As you’re looping around on the quiet, country roads that connect many of the wineries in the Sonoita/Elgin area, you’re eventually bound to come across the Wilhelm Family Vineyards. The location (pictured below from the road) is relatively nondescript, tending to blend in with the other homes in the area–a feature which only adds to the casual, home-like ambiance the winery has to offer.

Upon entering the winery, visitors are greeted with a small, but cozy tasting room where the charismatic owner, Karyl Wilhelm, can regularly be seen chatting and sharing her extensive knowledge of winemaking. Wilhelm clearly has a sturdy foundation when it comes to understanding wine and how it’s made, having studied the process at one of the country’s most renowned schools for wine-making at UC Davis. This allows her to be a bit more creative than the average winemaker, and she often showcases her own unique oenological inventions, as well as those of her husband Kevin. Although the selection of wine at Wilhelm Family Vineyards presents a veritable cornucopia of flavor and variety, for the more conservative wine connoisseur, there is indeed a fine selection of more traditional wines crafted by the Wilhelms to near perfection. With a bit of an open mind and a taste for adventure, one surely cannot go wrong at Wilhelm Family Vineyards.

(Sunset at the Sonoita Vineyards winery.)

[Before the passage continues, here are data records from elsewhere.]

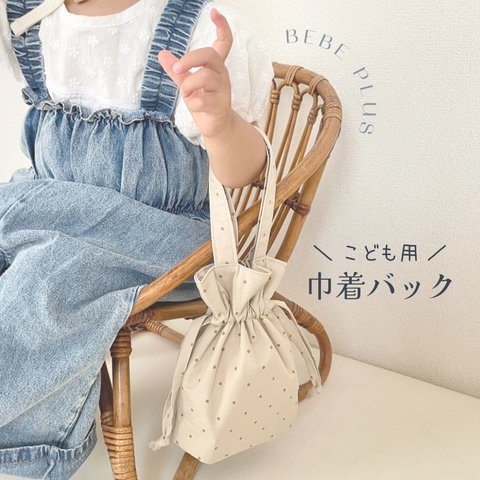 巾着トートバッグ    子供用 キッズ ベビー お出かけ 子供服 子供用バック 子供用トートバック おままごと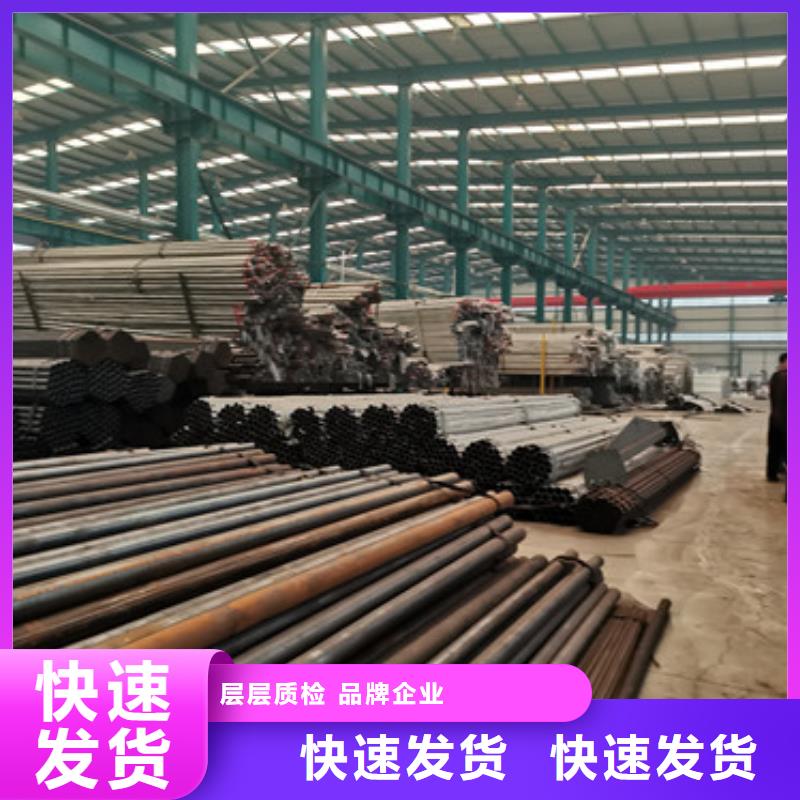 【景觀護欄】鋁合金護欄品質保障價格合理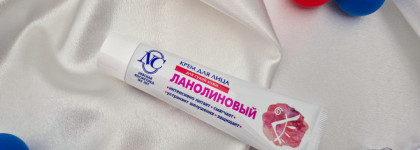 Невская Косметика Ланолиновый крем - универсальная защита кожи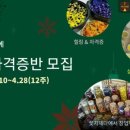 한국꽃차아카데미라니스카페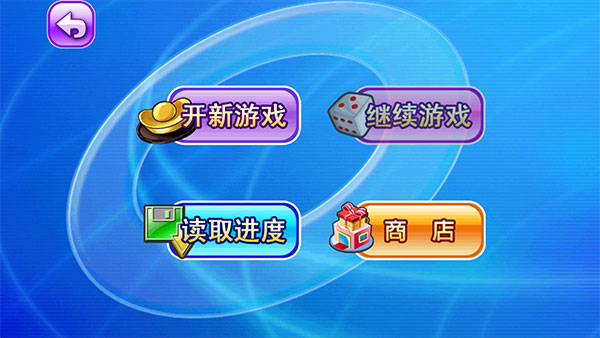大富翁4Fun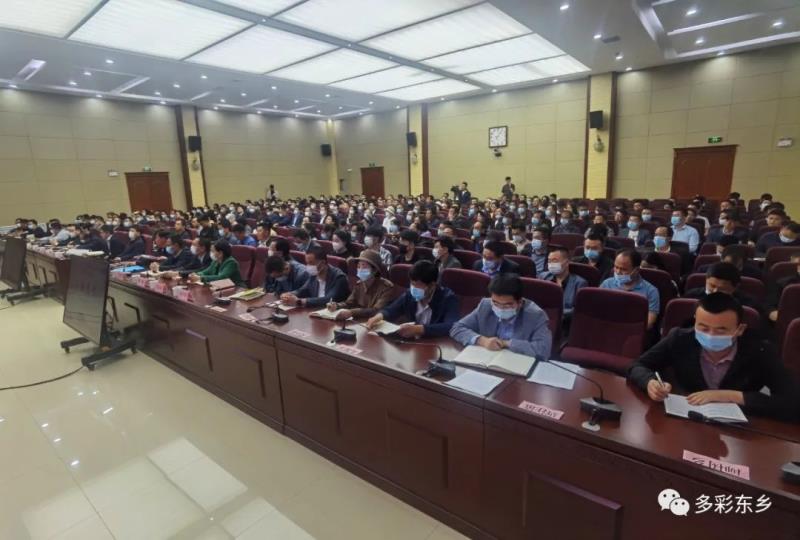 东乡县领导干部学习贯彻党的十九届六中全会精神轮训班（第一期）开班4.jpg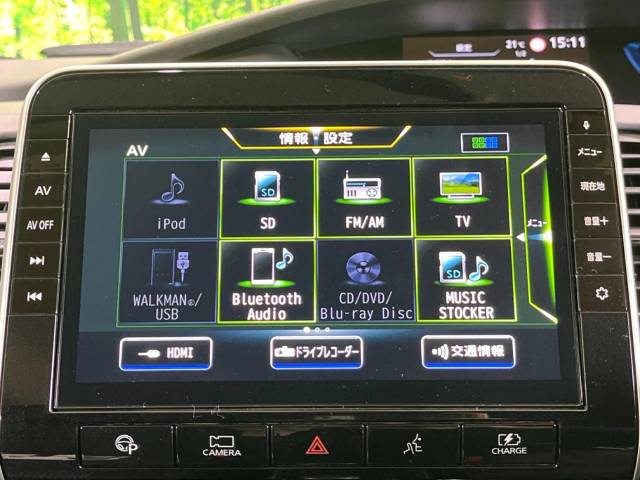 日産 セレナ ｅ－パワー ハイウェイスターＶ 4.4万Km 230.9万円(高知県)[784]の中古車詳細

Despite the area’s potential for becoming one of the better getaway locations in the Southwest, Sonoita and its sister town Elgin still manage to hold onto their slow-paced, tucked-away charm. Thanks to Dr. Gordon Dutt and his invaluable geological research, Sonoita and its environs managed to avoid the bleak fate of residential and commercial development on a scale that would be disastrous to the area’s natural geological splendor. As such, it would seem that drawing crowds and tourists on the scale of world-renowned locations such as the Napa Valley is far from the minds and desires of the residents and wine producers of the Sonoita/Elgin areas. Yet, those who are lucky enough to stumble upon this Southern Arizona wine paradise can expect to have one of the most personable, scenic and delicious wine experiences the state has to offer.